What This Means for Me
The question I started with — is deception ever right? — turned out to be less important than what the stories revealed about God.
If God can only work through morally clean instruments he has nothing to work with. We are all sinful. We all deceive. We all deceive ourselves. The whole of Scripture is the story of God working through broken, self-deceived human beings toward purposes they cannot fully see — because that is the only material available in a fallen world.

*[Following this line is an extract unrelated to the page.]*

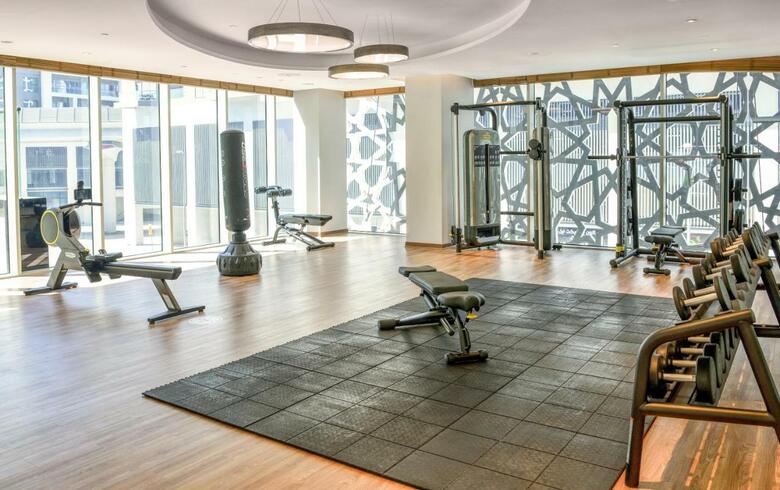 Hotel Grand Mercure Dubai City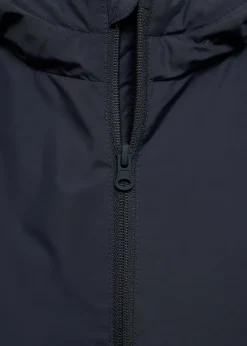 Dzieci MANGO Płaszcze I Kurtki*Nieprzemakalna pikowana kurtka z kapturem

People sometimes raise God’s sovereignty over evil as a reason to doubt him. How could a good God allow the serpent in the garden? How could he allow suffering? Tim Keller used to say that not knowing why God allows something does not mean God does not know why, and that if we knew what he knew we would agree with him. What the question is really proposing — a God who is not sovereign over evil — is not comfort. It is just a larger version of our own helplessness.
Nothing demonstrates God’s sovereignty over evil more completely than the cross.
Satan read the crucifixion as victory. A dead Messiah cannot save anyone. He was wrong — not because God improvised, but because the cross was always the plan. What looked like defeat was the instrument of redemption. What looked like the end was the beginning of everything.
C.S. Lewis called it the deeper magic — the magic that had been at work before the dawn of time, older than the enemy’s knowledge, older than death’s claim. Paul says in 1 Corinthians 2:8 that if the rulers of this age had understood, they would not have crucified the Lord of glory. Satan’s own malice became the instrument of his undoing. Revelation 13:8 calls Jesus the Lamb slain from the foundation of the world. The cross was always the plan.
Rahab had no idea she was being woven into the genealogy of the Messiah. The Gibeonites had no idea they were about to become servants of God’s tabernacle for centuries. Joshua had no idea the covenant he made in presumption would be enforced by God for four hundred years. Nobody in these stories sees the whole picture. They are all operating in partial light in a broken world. And God is sovereign over all of it — working through the failures and the deceptions and the presumptions toward purposes none of them could see.
That is what Easter is. The deeper magic revealed. God governing all of it — including the worst of it — toward the redemption of the world.
Key Scriptures
Joshua 2:1–21 • Joshua 9:3–27 • 2 Samuel 21:1–9 • 1 Kings 3:4–5 • Genesis 3:1–5 • Genesis 38:26 • Exodus 1:15–21 • Judges 5:24 • 2 Samuel 17:14 • Jeremiah 17:9 • Matthew 1:5 • Hebrews 11:31 • James 2:25 • 1 Corinthians 2:8 • Revelation 13:8
Prayer
Father, I recognize myself in Joshua and the leaders of Israel. They had been winning and somewhere in the momentum of success they concluded they could decide for themselves. That is the oldest lie — that I am competent to govern my own life without asking you. Forgive me for the decisions made in that spirit. Forgive me for the times I was winning and thought I had this. Thank you that your purposes did not depend on Joshua’s wisdom, or mine. Thank you that the resurrection is the final proof that you govern all of it — even the worst of it — and that your plans do not fail because your instruments are broken. Help me to live like I believe that. Amen.
Pray for someone you know who is riding a season of success and has quietly stopped asking God — that they would recognize the oldest lie before it costs them.